■ **ASSIGNMENT**:
There are pictures in the records below; leave them out and set down exactly the lines from the one holding "大学生牛肉面缺蛋遭遇索赔风波，一碗面的故事引发深思" through the one holding "Short taille haute ( sans la ceinture )".

■ **MATERIAL FOR THIS EXERCISE**:
──────

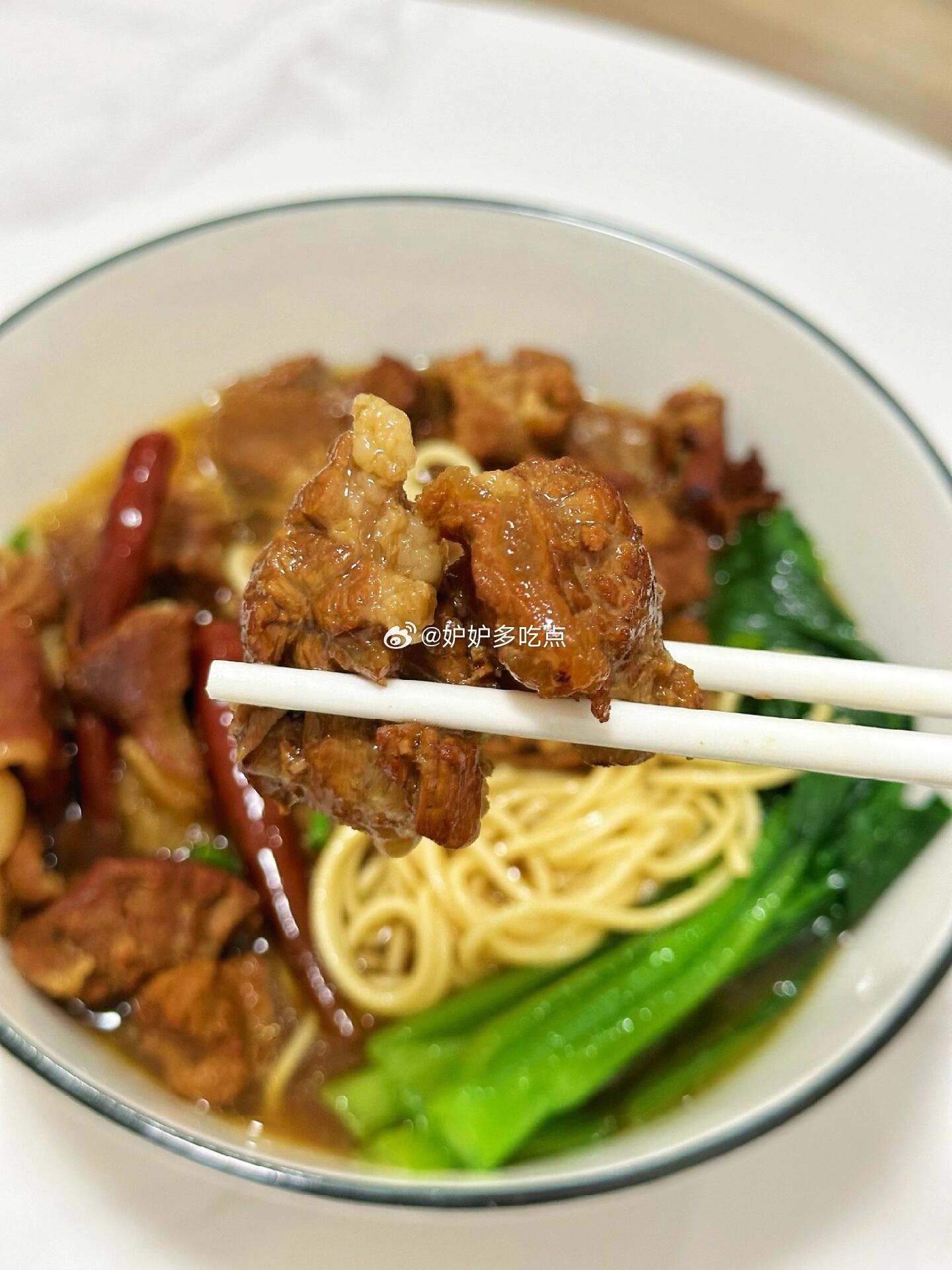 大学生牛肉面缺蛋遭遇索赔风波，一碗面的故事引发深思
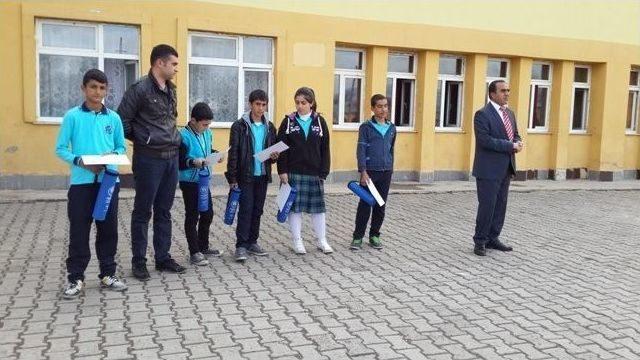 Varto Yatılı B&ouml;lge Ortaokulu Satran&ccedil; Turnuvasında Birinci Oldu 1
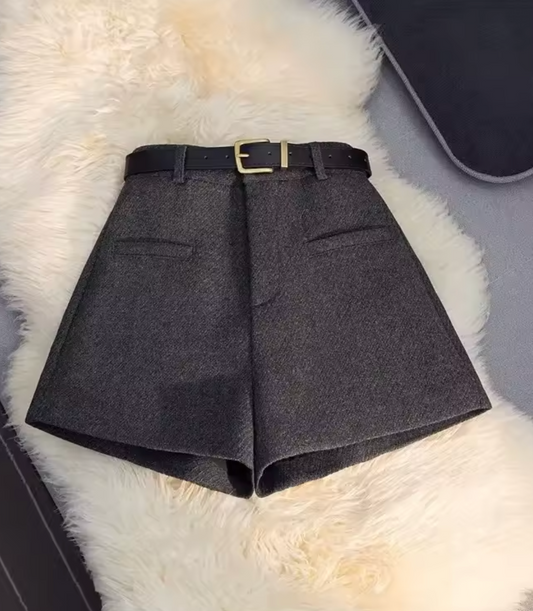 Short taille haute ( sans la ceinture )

──────

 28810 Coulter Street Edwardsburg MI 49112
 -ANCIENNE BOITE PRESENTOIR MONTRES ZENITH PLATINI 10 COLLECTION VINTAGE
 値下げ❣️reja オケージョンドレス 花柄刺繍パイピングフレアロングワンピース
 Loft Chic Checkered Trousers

──────

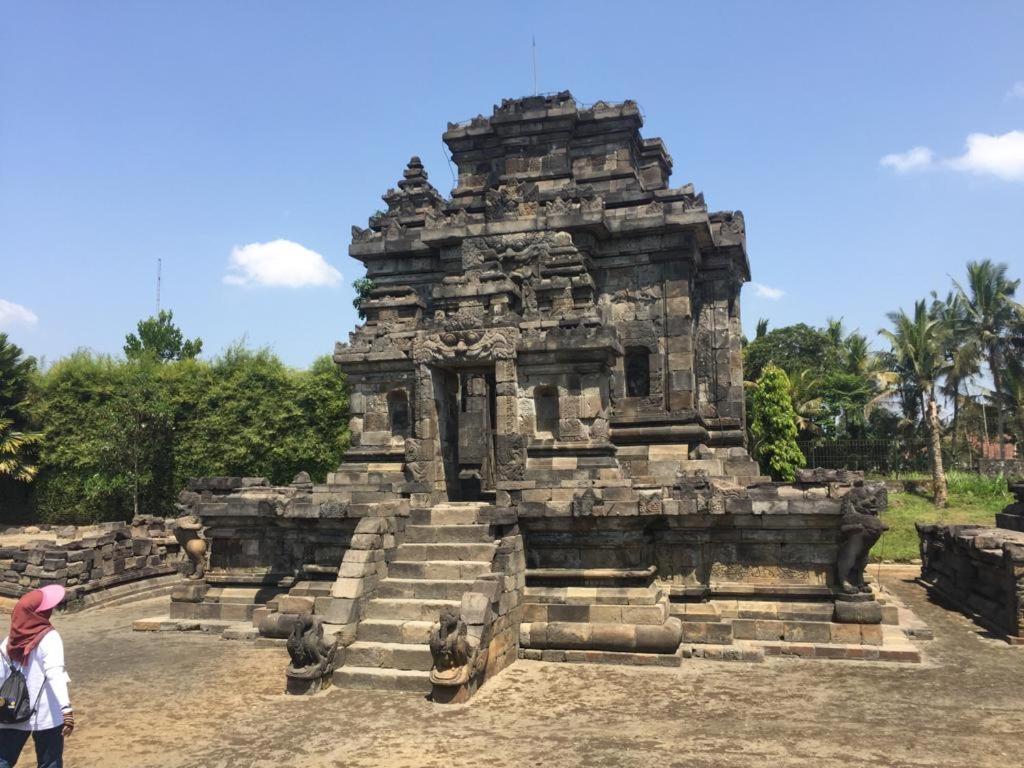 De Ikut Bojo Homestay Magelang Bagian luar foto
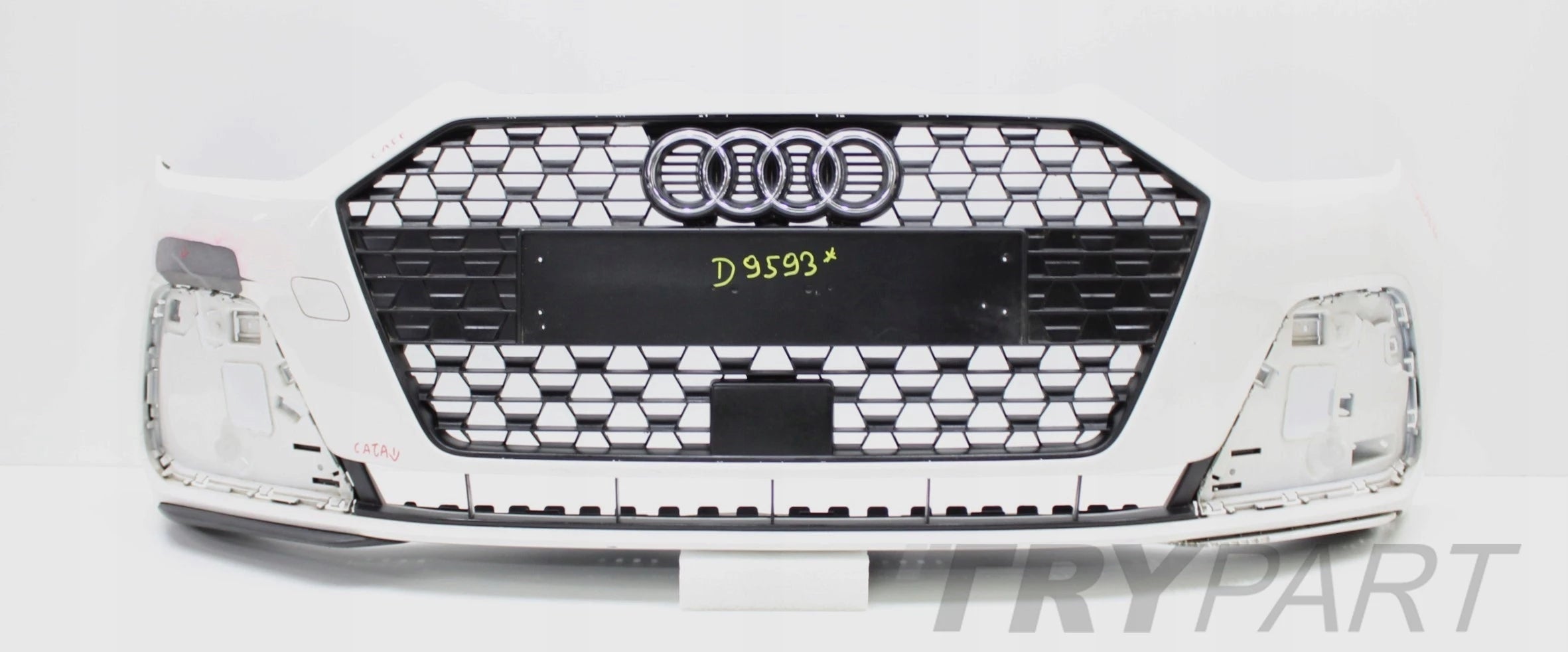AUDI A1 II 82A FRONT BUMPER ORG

──────

■ **TASK ANSWER**:
 大学生牛肉面缺蛋遭遇索赔风波，一碗面的故事引发深思
 Varto Yatılı B&ouml;lge Ortaokulu Satran&ccedil; Turnuvasında Birinci Oldu 1
 Short taille haute ( sans la ceinture )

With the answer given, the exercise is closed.